======== Data
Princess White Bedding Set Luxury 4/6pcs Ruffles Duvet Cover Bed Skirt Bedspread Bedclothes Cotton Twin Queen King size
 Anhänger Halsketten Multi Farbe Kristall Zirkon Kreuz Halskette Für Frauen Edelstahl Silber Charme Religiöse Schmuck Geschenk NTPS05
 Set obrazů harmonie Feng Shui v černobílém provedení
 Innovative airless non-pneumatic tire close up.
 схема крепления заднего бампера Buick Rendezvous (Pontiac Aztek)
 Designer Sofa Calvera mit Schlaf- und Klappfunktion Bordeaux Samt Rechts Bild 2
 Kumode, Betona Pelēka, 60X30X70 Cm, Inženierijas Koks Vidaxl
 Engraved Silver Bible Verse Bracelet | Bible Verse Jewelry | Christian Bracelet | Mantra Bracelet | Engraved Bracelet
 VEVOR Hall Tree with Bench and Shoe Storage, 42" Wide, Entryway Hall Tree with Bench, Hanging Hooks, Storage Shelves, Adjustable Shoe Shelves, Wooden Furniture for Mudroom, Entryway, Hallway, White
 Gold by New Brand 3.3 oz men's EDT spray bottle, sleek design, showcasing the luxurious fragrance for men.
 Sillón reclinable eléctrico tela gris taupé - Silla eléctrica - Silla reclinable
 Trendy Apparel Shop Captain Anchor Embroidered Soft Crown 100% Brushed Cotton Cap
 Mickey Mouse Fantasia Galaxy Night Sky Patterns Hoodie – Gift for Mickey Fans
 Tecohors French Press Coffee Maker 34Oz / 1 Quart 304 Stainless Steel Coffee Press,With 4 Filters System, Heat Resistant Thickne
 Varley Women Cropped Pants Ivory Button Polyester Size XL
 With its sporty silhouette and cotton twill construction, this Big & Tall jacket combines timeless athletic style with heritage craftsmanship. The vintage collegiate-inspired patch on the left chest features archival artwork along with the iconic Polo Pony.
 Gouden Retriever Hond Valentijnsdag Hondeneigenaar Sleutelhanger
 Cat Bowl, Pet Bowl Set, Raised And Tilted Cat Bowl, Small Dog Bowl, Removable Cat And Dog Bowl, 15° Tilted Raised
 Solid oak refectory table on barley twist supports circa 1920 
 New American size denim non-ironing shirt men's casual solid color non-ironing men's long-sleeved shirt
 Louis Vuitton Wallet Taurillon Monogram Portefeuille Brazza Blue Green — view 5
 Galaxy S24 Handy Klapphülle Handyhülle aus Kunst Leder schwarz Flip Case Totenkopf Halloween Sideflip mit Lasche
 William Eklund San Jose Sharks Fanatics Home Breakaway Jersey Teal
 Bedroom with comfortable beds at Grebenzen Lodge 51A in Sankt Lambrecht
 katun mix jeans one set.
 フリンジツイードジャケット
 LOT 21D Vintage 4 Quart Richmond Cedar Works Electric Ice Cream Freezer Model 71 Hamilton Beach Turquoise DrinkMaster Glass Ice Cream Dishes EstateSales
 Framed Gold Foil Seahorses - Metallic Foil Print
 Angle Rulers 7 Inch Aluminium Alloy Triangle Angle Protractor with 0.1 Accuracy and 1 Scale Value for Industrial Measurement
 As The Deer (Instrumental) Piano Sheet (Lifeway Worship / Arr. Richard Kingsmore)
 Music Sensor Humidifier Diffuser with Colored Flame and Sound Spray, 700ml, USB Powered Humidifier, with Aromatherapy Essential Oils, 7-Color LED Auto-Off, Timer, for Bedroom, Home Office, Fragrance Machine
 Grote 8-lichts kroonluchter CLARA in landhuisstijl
================
● **Work request**
Would you copy out all of the entries exactly?

● **Written response**
Princess White Bedding Set Luxury 4/6pcs Ruffles Duvet Cover Bed Skirt Bedspread Bedclothes Cotton Twin Queen King size
 Anhänger Halsketten Multi Farbe Kristall Zirkon Kreuz Halskette Für Frauen Edelstahl Silber Charme Religiöse Schmuck Geschenk NTPS05
 Set obrazů harmonie Feng Shui v černobílém provedení
 Innovative airless non-pneumatic tire close up.
 схема крепления заднего бампера Buick Rendezvous (Pontiac Aztek)
 Designer Sofa Calvera mit Schlaf- und Klappfunktion Bordeaux Samt Rechts Bild 2
 Kumode, Betona Pelēka, 60X30X70 Cm, Inženierijas Koks Vidaxl
 Engraved Silver Bible Verse Bracelet | Bible Verse Jewelry | Christian Bracelet | Mantra Bracelet | Engraved Bracelet
 VEVOR Hall Tree with Bench and Shoe Storage, 42" Wide, Entryway Hall Tree with Bench, Hanging Hooks, Storage Shelves, Adjustable Shoe Shelves, Wooden Furniture for Mudroom, Entryway, Hallway, White
 Gold by New Brand 3.3 oz men's EDT spray bottle, sleek design, showcasing the luxurious fragrance for men.
 Sillón reclinable eléctrico tela gris taupé - Silla eléctrica - Silla reclinable
 Trendy Apparel Shop Captain Anchor Embroidered Soft Crown 100% Brushed Cotton Cap
 Mickey Mouse Fantasia Galaxy Night Sky Patterns Hoodie – Gift for Mickey Fans
 Tecohors French Press Coffee Maker 34Oz / 1 Quart 304 Stainless Steel Coffee Press,With 4 Filters System, Heat Resistant Thickne
 Varley Women Cropped Pants Ivory Button Polyester Size XL
 With its sporty silhouette and cotton twill construction, this Big & Tall jacket combines timeless athletic style with heritage craftsmanship. The vintage collegiate-inspired patch on the left chest features archival artwork along with the iconic Polo Pony.
 Gouden Retriever Hond Valentijnsdag Hondeneigenaar Sleutelhanger
 Cat Bowl, Pet Bowl Set, Raised And Tilted Cat Bowl, Small Dog Bowl, Removable Cat And Dog Bowl, 15° Tilted Raised
 Solid oak refectory table on barley twist supports circa 1920 
 New American size denim non-ironing shirt men's casual solid color non-ironing men's long-sleeved shirt
 Louis Vuitton Wallet Taurillon Monogram Portefeuille Brazza Blue Green — view 5
 Galaxy S24 Handy Klapphülle Handyhülle aus Kunst Leder schwarz Flip Case Totenkopf Halloween Sideflip mit Lasche
 William Eklund San Jose Sharks Fanatics Home Breakaway Jersey Teal
 Bedroom with comfortable beds at Grebenzen Lodge 51A in Sankt Lambrecht
 katun mix jeans one set.
 フリンジツイードジャケット
 LOT 21D Vintage 4 Quart Richmond Cedar Works Electric Ice Cream Freezer Model 71 Hamilton Beach Turquoise DrinkMaster Glass Ice Cream Dishes EstateSales
 Framed Gold Foil Seahorses - Metallic Foil Print
 Angle Rulers 7 Inch Aluminium Alloy Triangle Angle Protractor with 0.1 Accuracy and 1 Scale Value for Industrial Measurement
 As The Deer (Instrumental) Piano Sheet (Lifeway Worship / Arr. Richard Kingsmore)
 Music Sensor Humidifier Diffuser with Colored Flame and Sound Spray, 700ml, USB Powered Humidifier, with Aromatherapy Essential Oils, 7-Color LED Auto-Off, Timer, for Bedroom, Home Office, Fragrance Machine
 Grote 8-lichts kroonluchter CLARA in landhuisstijl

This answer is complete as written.